# 7 month old Mini nubain buckling not breeding.



## cutie123600 (Oct 4, 2012)

I'm not sure if I should be concerned or not. I know that Nubians are seasonal breeders (right?) But are the males? and if he is a mini nubian could he get the sesonal part? 

I need him to breed my girls, I was expecting him to while I was waiting for my Reg. Nigerian buck to get old enough. But he's already almost ready to breed and the mini nubain is doing nothing. 

Any advice is welcome.


----------



## 20kidsonhill (Oct 5, 2012)

Although you hear about how young bucks mature, it is very possible that he isn't quite old enough or mature enough.  I had a 7 month old that wouldn't breed, a couple months later I put him in with some other girls and he bred those does.   I personally consider 6 and 7 months possible, but with a chance that they wont, 4 to 5 months maybe they will, but probably they wont and  8 to 9 months very likely they will breed, but I wouldn't put an 8 month old in with a bunch of mature does and feel 100% positive. Above 10 months is when they seem to really mature.  This is based on my personal experience.


----------



## ksalvagno (Oct 5, 2012)

I agree with 20kids. I don't depend on any buck under 10 months old either.


----------



## cutie123600 (Oct 5, 2012)

Didn't know that, thank you. I think the reason I figured he would was because the last four bucks I had I always buy them at 4 months Just so I know they are big enough to handle their own, and also so I can tame them well. I guess I will have to wait for him, he is a pretty little guy.


----------



## SheepGirl (Oct 5, 2012)

Have your does come in heat and he hasn't settled them?


----------



## cutie123600 (Oct 5, 2012)

Yeah one of my does just came into heat a few days ago and I was watching them. The mini nubian acted like he usually does, walking around eating chewing cud etc. No interest what-so-ever.


----------



## Mf628 (Oct 5, 2012)

I just borrowed my friends 4 month old boer buckling to breed my two year old doe. For the first few days, he was more interested in getting milk from her. As soon as she came into heat, he was a completely different buck! He was running around screaming, grunting, peeing and mounting everything he could! He bred her about 8 times that day. As soon as she came out of standing heat, he was back to his usual self.

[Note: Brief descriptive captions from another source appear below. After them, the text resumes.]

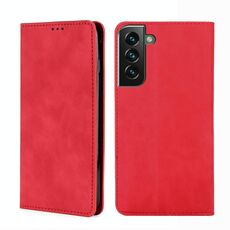 Per Samsung Galaxy S23 + 5G Skin Feel Custodia magnetica orizzontale in pelle per telefono a conchiglia (rosso)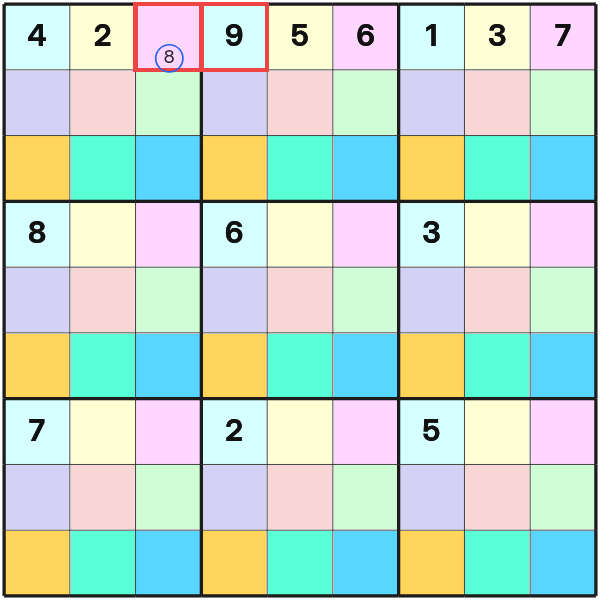 Row single after an extra-unit placement in Sudoku DG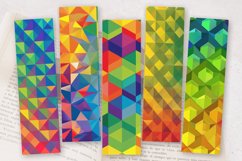 Geometric shape Rainbow PNG Bookmark Sublimation Design Product Image 2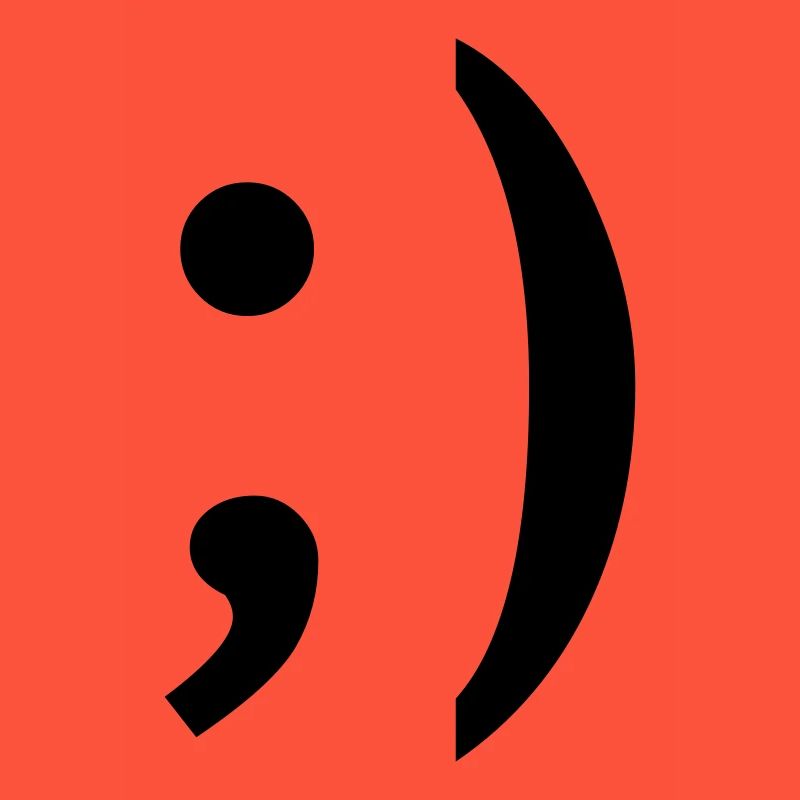 ;) smiley zwinker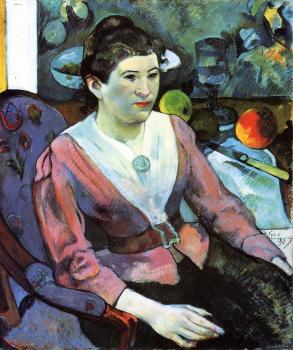 Paul Gauguin : Portrait of a Woman with Cezanne Still Life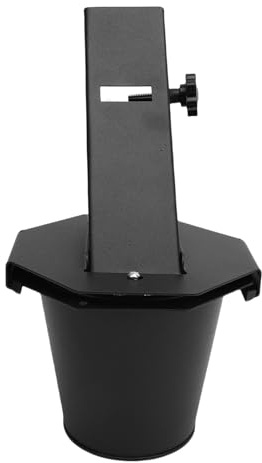 TOPINCN Grill Fat Storage Bucket, BBQ Drip Pan Accessory, Grease Drip Catcher, Steel Grill Oil Collector, Closed Lid Grease Container with 2 Liners for Traegers Pit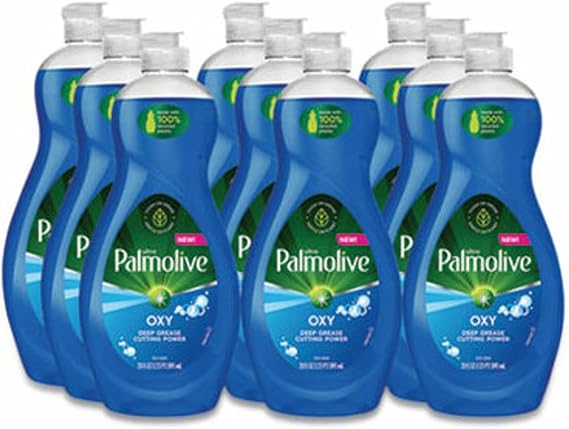 Palmolive 45041 Dishwashing Liquid, Unscented, 20 oz Bottle, 9/Carton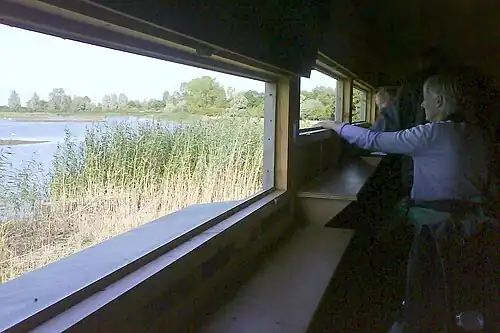 RSPB bird hide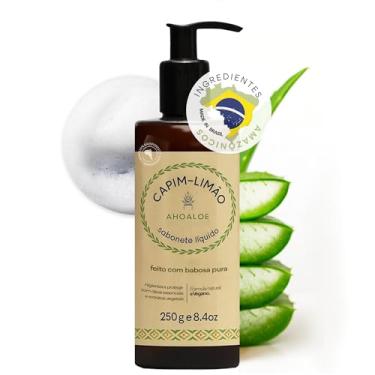 Imagem de AHOALOE Sabonete Líquido Capim Limão - Babosa, Arnica e Melaleuca - Ingredientes Naturais - Higieniza e Protege - 250ml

Since Mini goats come from Nigerian Dwarfs, it may be possible that he doesn't carry the seasonal gene. Just like the polled gene, it sometimes doesn't come out for 3 to 4 generations.


----------



## 20kidsonhill (Oct 5, 2012)

cutie123600 said:
			
		

> Yeah one of my does just came into heat a few days ago and I was watching them. The mini nubian acted like he usually does, walking around eating chewing cud etc. No interest what-so-ever.


Ours only showed interest in me.  Yup, try not to laugh too hard.  I even tried to trick him, by standing reallly close to the doe, who was in obvious standing heat and slip him off of me onto the back of her.  Yup, I SAID STOP LAUGHING!!!  He jumps off, backs up 3 or 4 feet and  stomps his front feet at me and shakes his head. Then he would only go near me if I was standing away from the 4 yearling does that were all clearly in raging heat.  They all went out of heat and we waited a couple days, and put them in with another buck to cover them if they came into heat again. All four were bred by the other buck.  I was so mad at him,  I was ready to have him for diner, but it would have been some pretty expensive goat meat.


----------



## bonbean01 (Oct 5, 2012)

20kidsonhill...I for one am not laughing...my brother had a stupid male goat that thought he had to have me...everyone thought it was pretty funny except me.  Later his stupid Alpaca Higgins took a shine to me too and I climbed that fence pretty fast to get out of there...of course no family could help me because they were all laughing so hard


----------



## Pearce Pastures (Oct 5, 2012)

20kidsonhill said:
			
		

> cutie123600 said:
> 
> 
> 
> ...


  Bwah hha hhhahhahaha  .....ahhhh.  Okay I'm done


----------